At the same time, he interweaves the death of his young friend with that of his slightly older brother Tom, who died in a car accident, and that of his mother. Unlike the others, his mother had been ill for some time, so her death was not unexpected. Yet she is given a prominent place in the book, if only because Van Puymbroeck realises after her death that he did not know her enough. And he contemplates the relationship with his father, a soul as closed as himself. “I come from a line of silent men,” Van Puymbroeck notes, which reflects his relationship with his father, but equally his own inclination for silence. It is no coincidence that a house in an almost deserted hamlet in Auvergne also plays an important role in this book. Books as well as a weeping willow he has planted sustain life there.

In all those memories, descriptions and wanderings through his grief-filled head, Van Puymbroeck manages to avoid sentimentality. He does not aim for tears, on the contrary. Treurwil shows that it is fine to grieve, without sinking into overly dark gloom. All this is done in a masterful language, not lavish, at times even sparing, but whose beauty has a comforting effect. Van Puymbroeck notes how he deleted a lot in the writing process, like a farmer mows his field until only stubble remains. Stubble as punctuation. “Dashes, commas, colons and question marks. I like to use them. They provide stillness.” To dwell on the things that really matter. Such as love, and the other side of that coin, grief.

Rik Van Puymbroeck, Treurwil, De Bezige Bij, Amsterdam, 2023, 208 pages

Excerpt of ‘Treurwil’, translated by Elisabeth Salverda

The first light of spring falls on the wall of the room where I sit to write. In the morning, when the sun shines a little brighter, it traces the outline of the still leafless birch trees in the garden on the kitchen cupboard. In bed I had seen the sun already, a beam of light above the radiator in my bedroom. In the living room, that same light makes a journey along the walls. First the sun shines on the thermostat, before slowly edging on. The light moves just over the sideboard, containing photo books, with its record player on top, the cover of the record still on it – today and since awhile Coltrane – a few favourite books on the lid of the record player, then on past some photos, a lamp, a miniature Renault 4, more books, a work by the photographer Katrien De Blauwer, over the television. I know that the light shifts across and disappears. Every morning I struggle to see it leave. I can’t take leave of anything.

‘The only letters I would like to write are letters to my dead,’ Elias Canetti noted, but what would I write? For a long time, I wondered what I would have wanted to say if I had known that a friend and a brother were going to die. If the farewell had announced itself. You deceive yourself with that question. Their death had come abruptly, after the shock and the usual obligations – tears, funeral – you are given time to contemplate that question. To seek words, organise thoughts, rake together memories, apologies, thanks, final offerings. But death is unique. Unexpected does not compare to long, lingering, slow death. Canetti would be willing to do nothing but write letters to his dead.
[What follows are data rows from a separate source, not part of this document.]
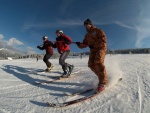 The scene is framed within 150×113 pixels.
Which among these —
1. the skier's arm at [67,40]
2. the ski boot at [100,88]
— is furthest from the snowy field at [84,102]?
the skier's arm at [67,40]

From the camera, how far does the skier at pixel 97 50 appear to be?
19.9 ft

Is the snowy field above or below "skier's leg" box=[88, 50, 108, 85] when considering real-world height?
below

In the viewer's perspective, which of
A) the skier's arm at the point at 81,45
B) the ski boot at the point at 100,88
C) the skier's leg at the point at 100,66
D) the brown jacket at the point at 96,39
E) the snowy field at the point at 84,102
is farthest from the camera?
the skier's arm at the point at 81,45

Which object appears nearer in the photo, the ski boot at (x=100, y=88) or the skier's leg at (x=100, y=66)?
the ski boot at (x=100, y=88)

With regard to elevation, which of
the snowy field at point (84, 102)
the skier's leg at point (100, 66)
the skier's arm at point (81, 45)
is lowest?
the snowy field at point (84, 102)

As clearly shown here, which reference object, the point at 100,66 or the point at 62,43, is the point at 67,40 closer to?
the point at 62,43

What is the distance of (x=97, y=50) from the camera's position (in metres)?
6.26

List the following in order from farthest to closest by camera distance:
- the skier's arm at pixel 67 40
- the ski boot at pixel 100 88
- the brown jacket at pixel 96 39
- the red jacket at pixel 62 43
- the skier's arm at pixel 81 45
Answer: the red jacket at pixel 62 43 → the skier's arm at pixel 67 40 → the skier's arm at pixel 81 45 → the brown jacket at pixel 96 39 → the ski boot at pixel 100 88

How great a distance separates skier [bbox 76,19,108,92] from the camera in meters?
6.07

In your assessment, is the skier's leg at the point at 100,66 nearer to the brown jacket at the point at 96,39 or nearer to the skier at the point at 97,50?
the skier at the point at 97,50

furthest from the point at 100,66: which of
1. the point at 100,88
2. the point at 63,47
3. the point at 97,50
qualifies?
the point at 63,47

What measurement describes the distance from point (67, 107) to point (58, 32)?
4.88 m

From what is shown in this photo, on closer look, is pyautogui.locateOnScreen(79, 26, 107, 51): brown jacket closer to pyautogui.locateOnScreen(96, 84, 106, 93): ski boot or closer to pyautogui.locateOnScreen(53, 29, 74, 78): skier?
pyautogui.locateOnScreen(96, 84, 106, 93): ski boot

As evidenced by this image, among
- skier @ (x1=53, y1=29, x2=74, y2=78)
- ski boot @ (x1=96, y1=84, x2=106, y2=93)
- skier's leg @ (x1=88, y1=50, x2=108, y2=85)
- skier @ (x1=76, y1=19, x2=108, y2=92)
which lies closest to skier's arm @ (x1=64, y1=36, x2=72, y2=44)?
skier @ (x1=53, y1=29, x2=74, y2=78) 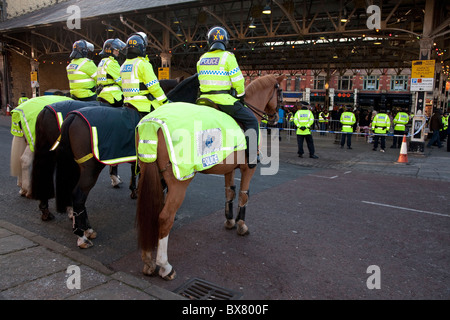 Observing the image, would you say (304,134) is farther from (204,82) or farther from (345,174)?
(204,82)

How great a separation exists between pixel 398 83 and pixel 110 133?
51.1 m

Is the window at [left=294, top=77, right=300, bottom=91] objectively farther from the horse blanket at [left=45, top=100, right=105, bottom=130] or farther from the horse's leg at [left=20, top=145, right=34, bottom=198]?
the horse blanket at [left=45, top=100, right=105, bottom=130]

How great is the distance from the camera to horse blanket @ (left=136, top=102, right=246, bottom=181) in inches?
136

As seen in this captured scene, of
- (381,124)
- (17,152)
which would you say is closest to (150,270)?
(17,152)

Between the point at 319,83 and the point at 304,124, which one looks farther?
the point at 319,83

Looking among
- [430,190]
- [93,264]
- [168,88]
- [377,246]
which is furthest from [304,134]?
[93,264]

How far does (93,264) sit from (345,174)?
776cm

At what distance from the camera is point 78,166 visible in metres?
4.63

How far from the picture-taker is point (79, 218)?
14.0 feet

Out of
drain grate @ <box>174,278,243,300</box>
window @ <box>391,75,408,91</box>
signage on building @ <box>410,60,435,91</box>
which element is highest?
window @ <box>391,75,408,91</box>

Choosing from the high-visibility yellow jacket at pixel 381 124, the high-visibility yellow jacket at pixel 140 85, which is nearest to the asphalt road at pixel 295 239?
the high-visibility yellow jacket at pixel 140 85

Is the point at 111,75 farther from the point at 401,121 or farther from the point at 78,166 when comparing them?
the point at 401,121

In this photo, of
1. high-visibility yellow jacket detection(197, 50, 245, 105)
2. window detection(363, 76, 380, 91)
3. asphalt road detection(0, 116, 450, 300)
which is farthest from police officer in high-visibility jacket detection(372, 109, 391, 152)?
window detection(363, 76, 380, 91)

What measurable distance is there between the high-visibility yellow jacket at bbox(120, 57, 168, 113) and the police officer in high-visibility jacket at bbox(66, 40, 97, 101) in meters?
1.77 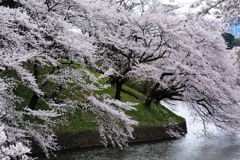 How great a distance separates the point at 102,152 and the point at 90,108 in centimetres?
245

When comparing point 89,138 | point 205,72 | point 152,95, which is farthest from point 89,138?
point 205,72

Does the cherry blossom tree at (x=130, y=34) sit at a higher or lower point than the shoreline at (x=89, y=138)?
higher

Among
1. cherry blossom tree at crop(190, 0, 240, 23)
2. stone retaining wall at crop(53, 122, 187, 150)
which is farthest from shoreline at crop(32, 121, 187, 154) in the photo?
cherry blossom tree at crop(190, 0, 240, 23)

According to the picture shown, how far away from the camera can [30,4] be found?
9.42m

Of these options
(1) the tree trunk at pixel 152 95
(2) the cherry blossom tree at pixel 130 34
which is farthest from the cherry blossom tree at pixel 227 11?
(1) the tree trunk at pixel 152 95

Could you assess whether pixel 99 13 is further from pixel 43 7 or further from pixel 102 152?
pixel 102 152

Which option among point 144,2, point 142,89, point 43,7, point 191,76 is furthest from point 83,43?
point 144,2

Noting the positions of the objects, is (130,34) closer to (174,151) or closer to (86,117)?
(86,117)

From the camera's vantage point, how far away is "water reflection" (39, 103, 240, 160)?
10.7 metres

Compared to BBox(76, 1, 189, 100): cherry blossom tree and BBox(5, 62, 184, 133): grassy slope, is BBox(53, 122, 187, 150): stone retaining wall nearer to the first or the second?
BBox(5, 62, 184, 133): grassy slope

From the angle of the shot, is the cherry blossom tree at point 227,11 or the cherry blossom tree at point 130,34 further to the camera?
the cherry blossom tree at point 130,34

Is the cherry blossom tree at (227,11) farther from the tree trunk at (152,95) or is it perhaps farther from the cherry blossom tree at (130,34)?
the tree trunk at (152,95)

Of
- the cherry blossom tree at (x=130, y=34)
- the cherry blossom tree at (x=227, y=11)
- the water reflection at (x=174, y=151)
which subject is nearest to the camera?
the cherry blossom tree at (x=227, y=11)

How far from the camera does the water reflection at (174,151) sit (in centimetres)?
1067
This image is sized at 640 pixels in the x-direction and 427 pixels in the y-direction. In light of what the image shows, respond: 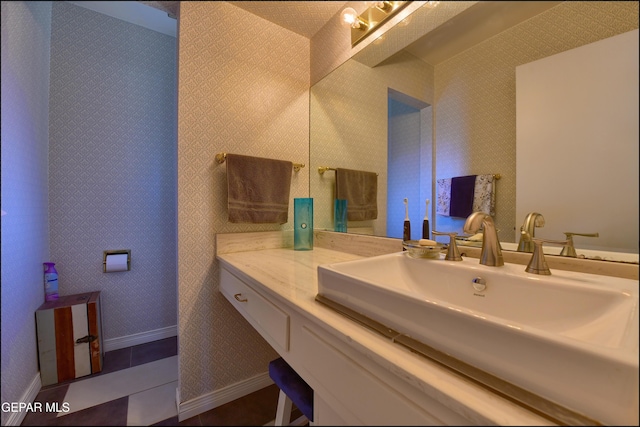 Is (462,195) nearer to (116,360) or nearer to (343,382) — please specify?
(343,382)

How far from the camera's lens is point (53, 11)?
38 cm

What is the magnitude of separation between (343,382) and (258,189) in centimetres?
102

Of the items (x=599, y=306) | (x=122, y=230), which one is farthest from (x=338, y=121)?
(x=599, y=306)

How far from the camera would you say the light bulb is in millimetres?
771

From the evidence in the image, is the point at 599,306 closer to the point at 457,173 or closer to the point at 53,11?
the point at 457,173

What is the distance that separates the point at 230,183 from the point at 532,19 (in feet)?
4.04

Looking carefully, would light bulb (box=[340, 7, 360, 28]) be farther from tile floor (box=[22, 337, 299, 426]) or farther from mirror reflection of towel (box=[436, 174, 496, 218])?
tile floor (box=[22, 337, 299, 426])

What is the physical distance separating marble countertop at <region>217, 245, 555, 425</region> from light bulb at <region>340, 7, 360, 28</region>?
839 mm

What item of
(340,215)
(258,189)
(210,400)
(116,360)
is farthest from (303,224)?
(210,400)

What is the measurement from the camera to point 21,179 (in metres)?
0.36

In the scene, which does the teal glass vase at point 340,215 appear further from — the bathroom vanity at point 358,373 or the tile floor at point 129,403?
the tile floor at point 129,403

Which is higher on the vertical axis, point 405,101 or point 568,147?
point 405,101

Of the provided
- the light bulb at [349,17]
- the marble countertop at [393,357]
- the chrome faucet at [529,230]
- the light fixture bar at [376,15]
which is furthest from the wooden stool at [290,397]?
the light fixture bar at [376,15]

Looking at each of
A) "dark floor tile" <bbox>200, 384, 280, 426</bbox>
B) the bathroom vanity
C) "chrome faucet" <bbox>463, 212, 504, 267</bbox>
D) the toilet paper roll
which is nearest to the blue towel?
"chrome faucet" <bbox>463, 212, 504, 267</bbox> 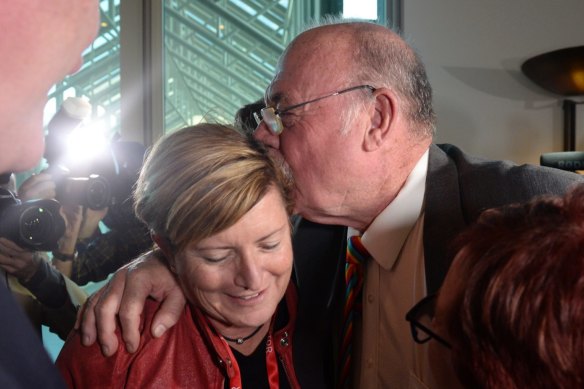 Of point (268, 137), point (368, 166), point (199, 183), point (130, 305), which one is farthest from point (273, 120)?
point (130, 305)

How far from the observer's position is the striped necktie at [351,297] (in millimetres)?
1208

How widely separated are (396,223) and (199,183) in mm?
525

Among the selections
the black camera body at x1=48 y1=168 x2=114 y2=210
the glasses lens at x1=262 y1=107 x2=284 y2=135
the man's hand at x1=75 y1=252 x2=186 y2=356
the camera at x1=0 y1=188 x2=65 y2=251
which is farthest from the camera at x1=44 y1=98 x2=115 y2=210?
the glasses lens at x1=262 y1=107 x2=284 y2=135

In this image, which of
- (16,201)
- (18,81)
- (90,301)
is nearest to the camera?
(18,81)

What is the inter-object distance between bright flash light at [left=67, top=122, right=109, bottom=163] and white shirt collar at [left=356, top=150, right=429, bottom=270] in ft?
3.14

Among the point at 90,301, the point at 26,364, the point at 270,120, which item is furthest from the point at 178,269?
the point at 26,364

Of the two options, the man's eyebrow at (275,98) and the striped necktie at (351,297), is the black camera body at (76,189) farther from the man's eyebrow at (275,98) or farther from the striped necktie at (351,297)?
the striped necktie at (351,297)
What if I could have written those letters before the end? In the last weeks before Erik died, I mulled over this. He could or would not see death coming. The video does not provide an answer and in all the texts and messages I kept, the word doesn’t occur. He sometimes felt unwell, was very tired, almost apologised for it.
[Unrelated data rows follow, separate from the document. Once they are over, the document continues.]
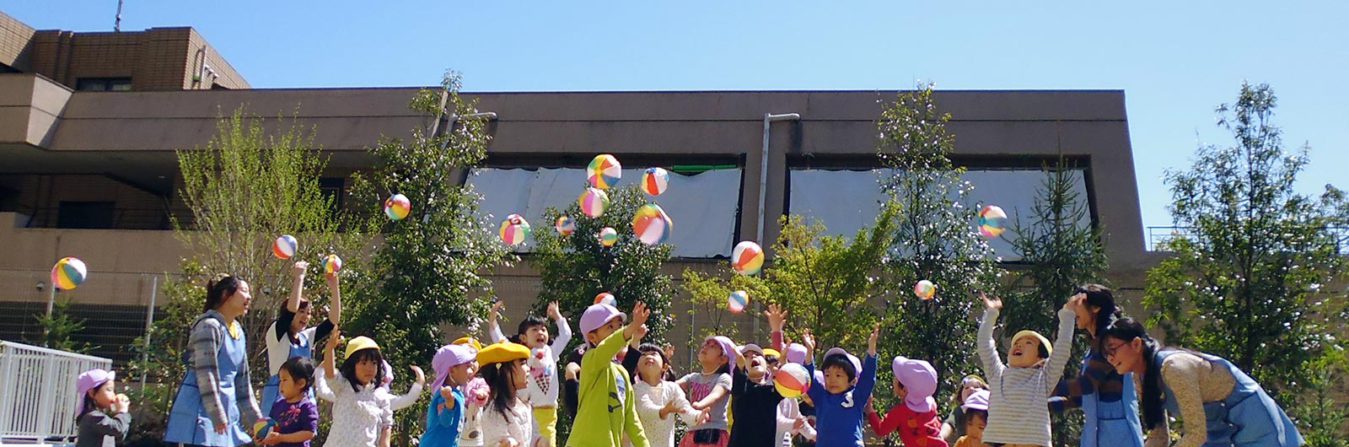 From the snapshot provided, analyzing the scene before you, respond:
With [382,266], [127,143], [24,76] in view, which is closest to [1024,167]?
[382,266]

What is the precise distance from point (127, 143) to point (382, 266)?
390 inches

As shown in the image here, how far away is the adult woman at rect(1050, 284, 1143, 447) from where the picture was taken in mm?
5973

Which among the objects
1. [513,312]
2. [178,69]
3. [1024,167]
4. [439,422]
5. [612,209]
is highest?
[178,69]

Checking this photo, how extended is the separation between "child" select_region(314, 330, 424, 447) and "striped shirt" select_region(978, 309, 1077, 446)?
161 inches

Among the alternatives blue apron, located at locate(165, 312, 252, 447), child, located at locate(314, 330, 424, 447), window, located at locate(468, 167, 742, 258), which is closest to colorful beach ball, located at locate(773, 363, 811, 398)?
child, located at locate(314, 330, 424, 447)

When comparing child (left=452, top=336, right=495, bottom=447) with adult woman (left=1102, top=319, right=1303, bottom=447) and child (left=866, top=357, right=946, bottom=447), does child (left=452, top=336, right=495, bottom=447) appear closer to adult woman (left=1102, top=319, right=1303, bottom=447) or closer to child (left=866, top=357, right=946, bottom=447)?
child (left=866, top=357, right=946, bottom=447)

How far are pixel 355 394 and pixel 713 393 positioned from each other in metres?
2.49

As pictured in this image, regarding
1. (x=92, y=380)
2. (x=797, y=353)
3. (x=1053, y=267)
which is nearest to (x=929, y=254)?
(x=1053, y=267)

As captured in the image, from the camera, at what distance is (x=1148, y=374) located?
552 cm

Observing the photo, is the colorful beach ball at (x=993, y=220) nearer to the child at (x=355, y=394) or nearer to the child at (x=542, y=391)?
the child at (x=542, y=391)

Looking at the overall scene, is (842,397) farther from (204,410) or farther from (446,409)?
(204,410)

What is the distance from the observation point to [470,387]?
293 inches

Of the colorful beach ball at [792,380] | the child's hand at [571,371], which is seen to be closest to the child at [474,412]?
the child's hand at [571,371]

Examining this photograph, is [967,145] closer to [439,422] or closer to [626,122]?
[626,122] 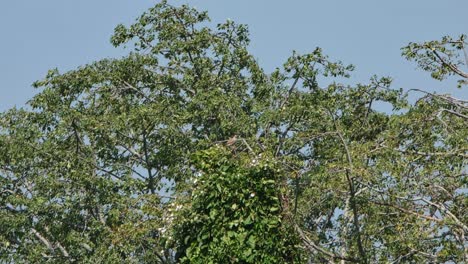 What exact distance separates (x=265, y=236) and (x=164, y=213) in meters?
1.92

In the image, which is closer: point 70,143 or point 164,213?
point 164,213

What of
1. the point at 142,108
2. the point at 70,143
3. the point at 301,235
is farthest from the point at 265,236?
the point at 70,143

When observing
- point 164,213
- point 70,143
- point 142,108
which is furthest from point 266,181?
point 70,143

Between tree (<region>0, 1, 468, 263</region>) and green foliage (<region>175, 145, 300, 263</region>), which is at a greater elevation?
tree (<region>0, 1, 468, 263</region>)

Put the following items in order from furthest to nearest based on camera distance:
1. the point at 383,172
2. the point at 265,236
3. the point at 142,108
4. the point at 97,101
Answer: the point at 97,101 → the point at 142,108 → the point at 383,172 → the point at 265,236

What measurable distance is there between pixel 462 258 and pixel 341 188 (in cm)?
174

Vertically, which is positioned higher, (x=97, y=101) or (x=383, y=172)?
(x=97, y=101)

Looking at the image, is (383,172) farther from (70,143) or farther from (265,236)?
(70,143)

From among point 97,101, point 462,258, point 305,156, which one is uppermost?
point 97,101

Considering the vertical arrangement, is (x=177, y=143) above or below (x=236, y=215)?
above

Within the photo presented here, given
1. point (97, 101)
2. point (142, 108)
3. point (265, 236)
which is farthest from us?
point (97, 101)

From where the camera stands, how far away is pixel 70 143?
72.1ft

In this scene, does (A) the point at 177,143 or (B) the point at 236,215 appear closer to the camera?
(B) the point at 236,215

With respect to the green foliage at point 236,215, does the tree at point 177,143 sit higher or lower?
higher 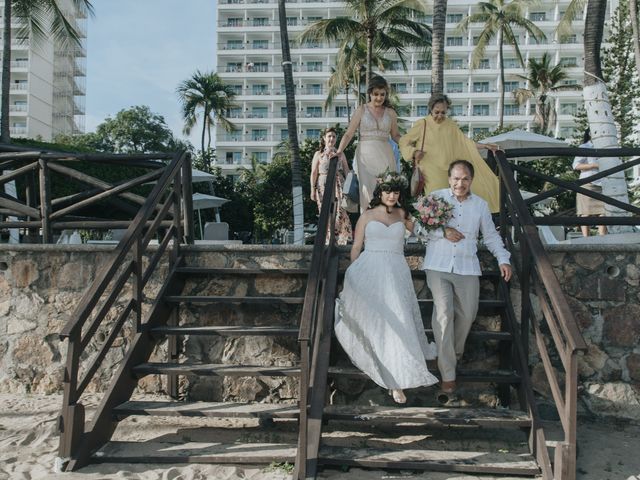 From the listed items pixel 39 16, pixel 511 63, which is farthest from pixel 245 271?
pixel 511 63

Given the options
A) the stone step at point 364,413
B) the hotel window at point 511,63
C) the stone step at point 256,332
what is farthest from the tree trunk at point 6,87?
the hotel window at point 511,63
We saw each other one last time. His hair was in a quiff, he wore glasses, it became an evening of talking about a lot, but not about that. About how he felt, not about what he thought, not about how he saw the future, not about what remained to be said. My one act of goodbye was one that he did not sense: I asked his wife to take a few pictures.

I almost wrote ‘to still take a few more pictures’ and in ‘still’, that small word, is the fatalism. Five simple letters that could have given me away that night. Still. An adverb with side effects, but no medication, on the contrary, ‘still’ is the toxic cocktail that could have taken away his last hope. He thought of ‘still’ only in its other sense: let us still dream, still make many plans.